One of the worst moments of the following months — I remember becoming physically ill as I hit "send" to broadcast the e-mail message — was the official announcement regarding the painful but necessary decision to cut our corporate workforce by some 20 percent. Managers, already grieving, were now responsible for at least temporarily relieving thousands of their co-workers of their livelihood.

Good Words
Against Impossible Odds

NOTE: This first commentary in Mick Doherty's "Good Words" e-mail campaign to American Airlines employees (September 24, 2001) acted as an invitation for them to provide their own sometimes very personal contributions to "the story."

As we head into what our CEO Don Carty has publicly acknowledged will be "still another difficult week at American Airlines," let's not forget how often those in our industry have been told what they can't do ... and how wrong those nay-sayers have been.

Lord Kelvin, president of Royal Society and a brilliant scientist who developed the absolute scale of temperature which bears his name, proclaimed in 1895 that, simply put, "Heavier-than-air flying machines are impossible."

Perhaps Lord Kelvin can be forgiven, since we were still eight years away from Kitty Hawk ... But let's go now to an editorial in The New York Times ("All the News That's Fit to Print") from December 10, 1903:

"We hope that Professor Langley [the subject of the story and a colleague of Alexander Graham Bell] will not put his substantial greatness as a scientist in further peril by continuing to waste his time and the money involved in further air experiments. Life is short, and he is capable of services to humanity incomparably greater than can be expected to result from trying to fly."

The Wright Brothers took off exactly a week later: December 17, 1903.

The scientific community and the press still weren't satisfied, the flying-machine claims of Wilbur and Orville Wright were derided and dismissed as a hoax by publications including Scientific American and The New York Herald, as well as the US Army and most American scientists for the better part of the next five years.

In spite of scores of public demonstrations, affidavits from local dignitaries, and photographs of themselves flying, the very idea of heavier-than-air flying machines was simply too ludicrous to believe.

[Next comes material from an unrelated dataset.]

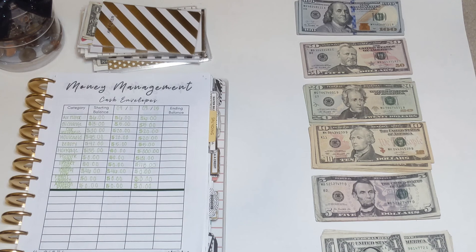Hi guys, welcome to my channel. My name is Alicia and this is my very first YouTube video. Today we will be doing my very first cash stuffing video, so let's go ahead and get started.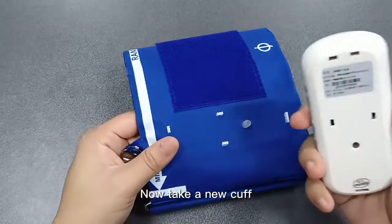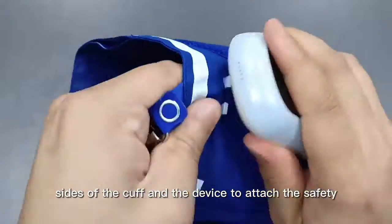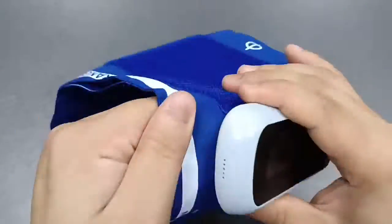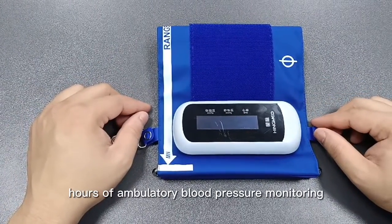Now take a new cuff. First, connect the cuff tube to the device. And press all the sides of the cuff and the device to attach the safety points of the cuff with the device. Now your device is ready again for 24 hours of Ambulatory Blood Pressure Monitoring.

As an industry facing what may seem like impossible odds, it's never a bad idea to look back and realize that the very existence of the aviation industry was based on overcoming impossible odds. And we'll do it again. —MD

But I was also overwhelmed to read the hundreds of e-mails and faxes that came into my office with prayers, poems, and support from our customers, fellow workers in the airline industry worldwide, and concerned well-wishers around the globe. So I began interspersing the consistently somber bulletins that I was obligated to send with positive commentary called "Good Words" (see the sidebar for an example).

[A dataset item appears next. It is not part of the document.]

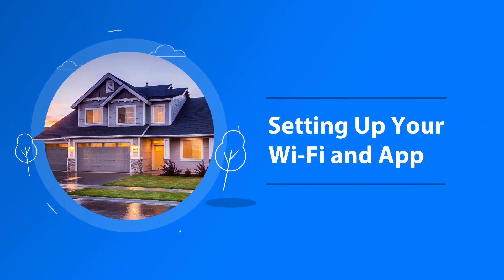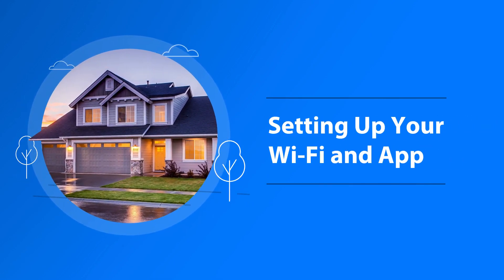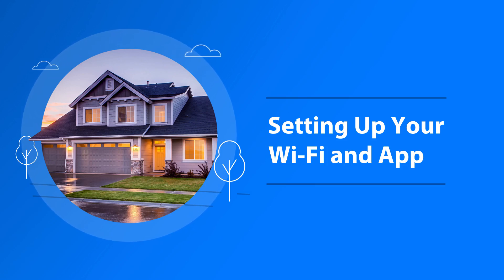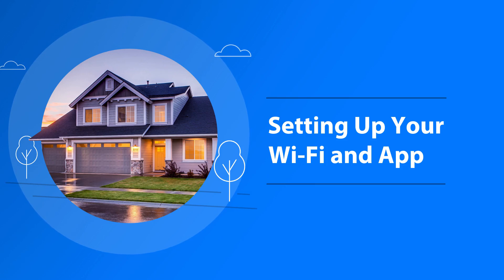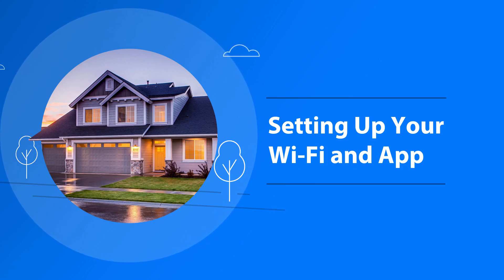Setting up your Wi-Fi and app. There's nothing better than having control over your connected home — except, perhaps, for being able to do it all from the palm of your hand. That's why the app features everything you need to manage your home or small business Wi-Fi connectivity experience. Best of all, you can install it yourself and be up and running within a few minutes. Shall we begin?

That may seem sentimental or even self-serving to you, trust me: These collections of "Good Words" generated a great deal of feedback from employees. They welcomed the chance to support each other in the midst of tragedy and conflict. Why did that matter? Phrased as a corrolary to the four earlier lessons:

  • Allow employee reactions to become part of the story.
Their heartfelt words were as devastatingly true as any reporting or analysis. The words came from every imaginable station, branch, city, and country in the American Airlines international system — some had to be translated — to help close the broken circle with clarity, candor and compassion.

In short, the "Good Words" vehicle created a positive news loop when little else was of comfort.

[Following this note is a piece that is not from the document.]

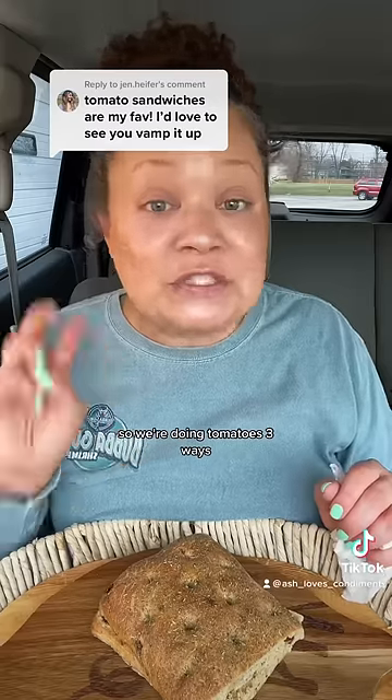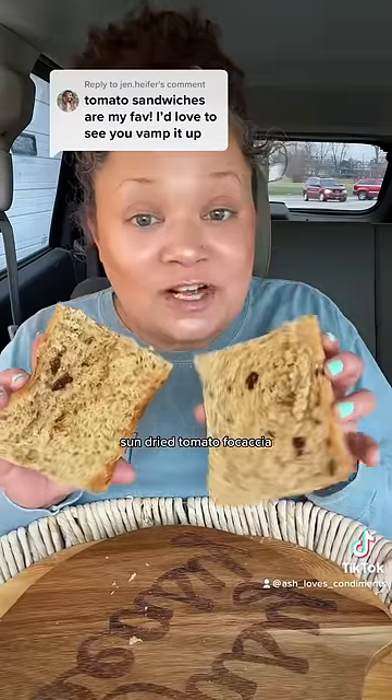Good old tomato sandwich — I want this to be a mater bomb, so we're doing tomatoes three ways: sun-dried tomato focaccia. Next I'm going to put down some homemade basil pesto. It's the most beautiful color. Heirloom tomatoes — look how pretty these are.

Now, as we approach the first anniversary of that awful Tuesday morning, I'm drawn to the words of a writer who knew at an early age about surviving — and writing — in a time of personal and national crisis. The Diary of Anne Frank has become a classic at least in part because readers know she's telling the truth:

    "When I look up at the sky, I somehow feel that everything will change for the better, that this cruelty too shall end, that peace and tranquility will return once more."
Mick Doherty is managing editor for Jetnet, the employee portal of American Airlines, American Eagle and TWA.